“The Black Mountain Music Project” sounds very formal but it really isn’t; what it really refers to is a little retreat Zeitlyn (who goes merely by Mirah on her solo efforts) and Takahashi took in Black Mountain, North Carolina, to relax and make music. Sara Marcus’s liner notes to the album are perhaps a bit academic; phrases like “culture-as-spectacle” and “revere the everyday and demystify art” abound.
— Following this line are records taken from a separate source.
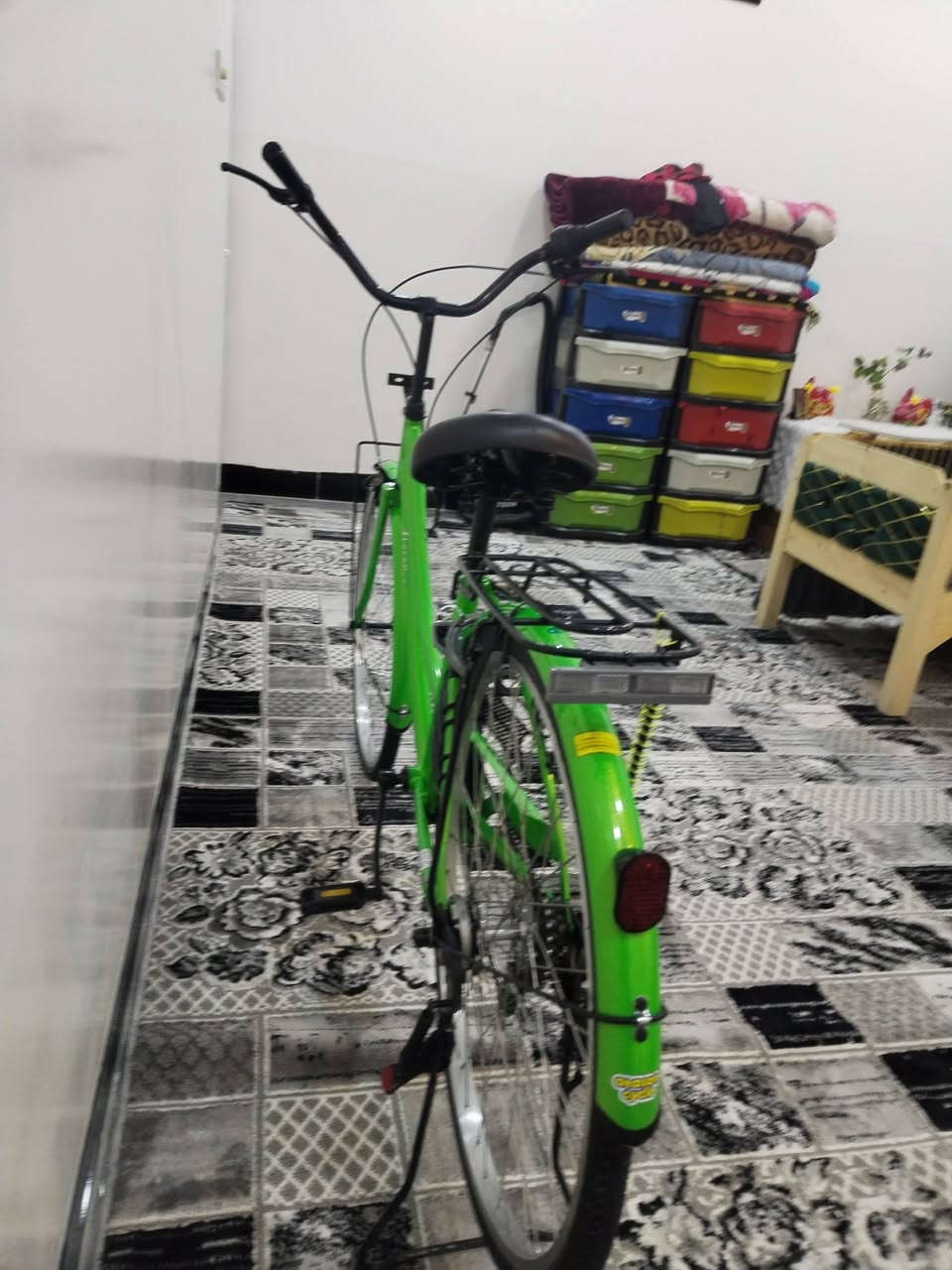 للبيع باسكل عبر الحليم حجم 26سعر.125 الف مكفول كفاله عامه مديل2021مكاني موصل رقم الموبايل***********
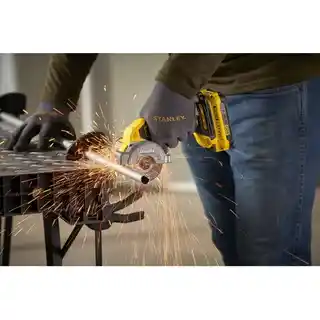 Stanley Pilarka tarczowa Fatmax SFMCM300B-XJ akumulatorowa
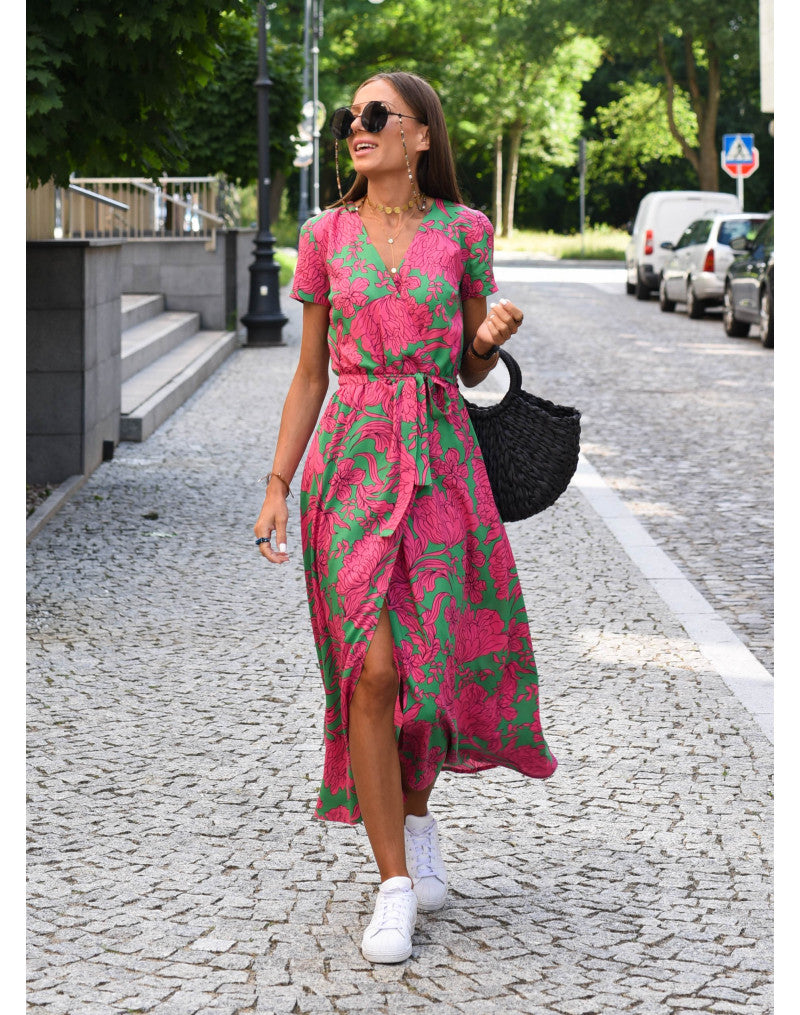 Elegant Floral Dress | Women's Dress with Flattering Fit | Versatile Wedding Guest & Summer Style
Fully half of the album’s 18 tracks are less than a minute and consist entirely of found sounds and instrumental noodling; again, to quote the liner notes, “walking from the back porch towards the kitchen to brew a pot of tea, Mirah might have paused for 10 seconds at a living room table, pressed Record on the minidisc recorder, and plucked a few tines of the music box.” So the album’s mission is to prove John Cage’s assertion (yes, quoted in the liner notes) correct, that the only difference between what is art and what is not is that we pay specific attention to art.
Unless you’re really into the idea of holding up the ephemeral and mundane as art, or as Marcus puts it, the idea of revering the everyday, Songs From The Black Mountain Music Project isn’t going to do much for you. Whatever Zeitlyn, Takahashi and their friends may have intended, it’s the songs that rightfully garner the attention. And as a document of the month they spent making music and hosting friends, the short snippets of passing trains and music box experiments—while perhaps more authentic and true to the life Zeitlyn and Takahashi lived for that month—pale in comparison to “Oh! September.” It’s a ramshackle production bursting at the seams with joy and energy, and really communicates the warm sense of community and camaderie that must have been that mountain retreat. In four minutes and eleven seconds, it tells a story more vivid and enjoyable than the combined three minutes and fifty one seconds of musical ephemera that is supposedly the focus of the album.
But enough with the philosophical debate. Pick up a trumpet and meet me at the back shack, baby.